*TASK DETAILS:*
Only one stretch of the data is wanted: the line containing "Hohe Renditechancen - MFH", the line containing "Isparta'da Aile Eğitim", and every line between them, copied exactly.

*Stored items from a collection:*
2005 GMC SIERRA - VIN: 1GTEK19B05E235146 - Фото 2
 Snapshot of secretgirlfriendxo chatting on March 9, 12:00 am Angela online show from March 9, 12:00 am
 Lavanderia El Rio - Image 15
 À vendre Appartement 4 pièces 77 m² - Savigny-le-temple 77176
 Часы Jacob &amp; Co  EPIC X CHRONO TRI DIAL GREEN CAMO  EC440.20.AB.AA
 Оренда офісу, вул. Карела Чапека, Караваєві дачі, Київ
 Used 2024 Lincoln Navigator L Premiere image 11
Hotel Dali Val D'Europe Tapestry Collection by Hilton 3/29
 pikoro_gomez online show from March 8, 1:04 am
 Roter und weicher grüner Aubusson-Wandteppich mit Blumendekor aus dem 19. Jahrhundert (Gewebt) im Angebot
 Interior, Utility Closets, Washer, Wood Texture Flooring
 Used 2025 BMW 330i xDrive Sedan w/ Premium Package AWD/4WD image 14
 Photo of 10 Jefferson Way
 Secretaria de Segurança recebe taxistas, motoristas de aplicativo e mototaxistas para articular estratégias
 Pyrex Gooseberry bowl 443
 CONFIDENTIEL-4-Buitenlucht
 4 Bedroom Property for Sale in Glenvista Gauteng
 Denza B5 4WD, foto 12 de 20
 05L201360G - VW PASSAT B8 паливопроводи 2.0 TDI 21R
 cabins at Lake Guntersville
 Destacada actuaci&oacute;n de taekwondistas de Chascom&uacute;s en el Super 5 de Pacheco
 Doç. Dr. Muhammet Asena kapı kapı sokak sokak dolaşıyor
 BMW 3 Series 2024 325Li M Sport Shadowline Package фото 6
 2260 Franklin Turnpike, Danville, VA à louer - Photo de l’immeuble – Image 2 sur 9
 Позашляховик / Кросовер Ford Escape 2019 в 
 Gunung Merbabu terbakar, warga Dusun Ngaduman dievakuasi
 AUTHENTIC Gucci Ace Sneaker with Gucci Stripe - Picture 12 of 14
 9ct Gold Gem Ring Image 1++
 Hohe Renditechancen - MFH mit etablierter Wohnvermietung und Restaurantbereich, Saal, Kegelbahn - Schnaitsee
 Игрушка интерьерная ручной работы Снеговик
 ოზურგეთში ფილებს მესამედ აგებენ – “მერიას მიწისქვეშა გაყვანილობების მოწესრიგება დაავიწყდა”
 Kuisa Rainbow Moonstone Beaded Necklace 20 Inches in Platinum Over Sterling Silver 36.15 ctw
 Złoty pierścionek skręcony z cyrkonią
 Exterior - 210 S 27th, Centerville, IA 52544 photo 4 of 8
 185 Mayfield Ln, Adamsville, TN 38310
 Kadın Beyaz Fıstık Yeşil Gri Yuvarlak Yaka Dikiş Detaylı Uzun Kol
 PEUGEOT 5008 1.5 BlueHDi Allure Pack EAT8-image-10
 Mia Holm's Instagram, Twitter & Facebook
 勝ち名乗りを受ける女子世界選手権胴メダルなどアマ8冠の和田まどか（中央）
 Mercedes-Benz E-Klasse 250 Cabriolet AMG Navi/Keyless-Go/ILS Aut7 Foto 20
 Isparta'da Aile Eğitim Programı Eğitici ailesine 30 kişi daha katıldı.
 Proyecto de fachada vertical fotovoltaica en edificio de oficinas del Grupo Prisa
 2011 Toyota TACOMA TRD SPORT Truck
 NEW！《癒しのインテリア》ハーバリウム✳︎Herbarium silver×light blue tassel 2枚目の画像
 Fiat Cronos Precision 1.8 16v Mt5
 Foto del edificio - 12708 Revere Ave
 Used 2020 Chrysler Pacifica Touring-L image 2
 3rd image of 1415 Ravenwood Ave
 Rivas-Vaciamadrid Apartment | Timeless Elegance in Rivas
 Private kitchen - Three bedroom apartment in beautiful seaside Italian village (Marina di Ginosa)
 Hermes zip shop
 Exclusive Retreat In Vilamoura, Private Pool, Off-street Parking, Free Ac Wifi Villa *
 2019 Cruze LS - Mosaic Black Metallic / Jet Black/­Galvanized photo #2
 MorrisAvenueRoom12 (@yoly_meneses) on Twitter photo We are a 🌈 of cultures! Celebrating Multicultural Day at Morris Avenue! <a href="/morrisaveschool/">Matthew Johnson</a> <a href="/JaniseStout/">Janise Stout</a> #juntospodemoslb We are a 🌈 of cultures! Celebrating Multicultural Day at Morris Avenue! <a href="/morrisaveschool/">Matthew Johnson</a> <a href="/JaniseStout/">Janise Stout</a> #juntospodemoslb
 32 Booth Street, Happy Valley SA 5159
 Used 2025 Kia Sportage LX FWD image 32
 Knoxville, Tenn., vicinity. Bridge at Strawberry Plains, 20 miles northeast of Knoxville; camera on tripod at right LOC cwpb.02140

*TASK SOLUTION:*
 Hohe Renditechancen - MFH mit etablierter Wohnvermietung und Restaurantbereich, Saal, Kegelbahn - Schnaitsee
 Игрушка интерьерная ручной работы Снеговик
 ოზურგეთში ფილებს მესამედ აგებენ – “მერიას მიწისქვეშა გაყვანილობების მოწესრიგება დაავიწყდა”
 Kuisa Rainbow Moonstone Beaded Necklace 20 Inches in Platinum Over Sterling Silver 36.15 ctw
 Złoty pierścionek skręcony z cyrkonią
 Exterior - 210 S 27th, Centerville, IA 52544 photo 4 of 8
 185 Mayfield Ln, Adamsville, TN 38310
 Kadın Beyaz Fıstık Yeşil Gri Yuvarlak Yaka Dikiş Detaylı Uzun Kol
 PEUGEOT 5008 1.5 BlueHDi Allure Pack EAT8-image-10
 Mia Holm's Instagram, Twitter & Facebook
 勝ち名乗りを受ける女子世界選手権胴メダルなどアマ8冠の和田まどか（中央）
 Mercedes-Benz E-Klasse 250 Cabriolet AMG Navi/Keyless-Go/ILS Aut7 Foto 20
 Isparta'da Aile Eğitim Programı Eğitici ailesine 30 kişi daha katıldı.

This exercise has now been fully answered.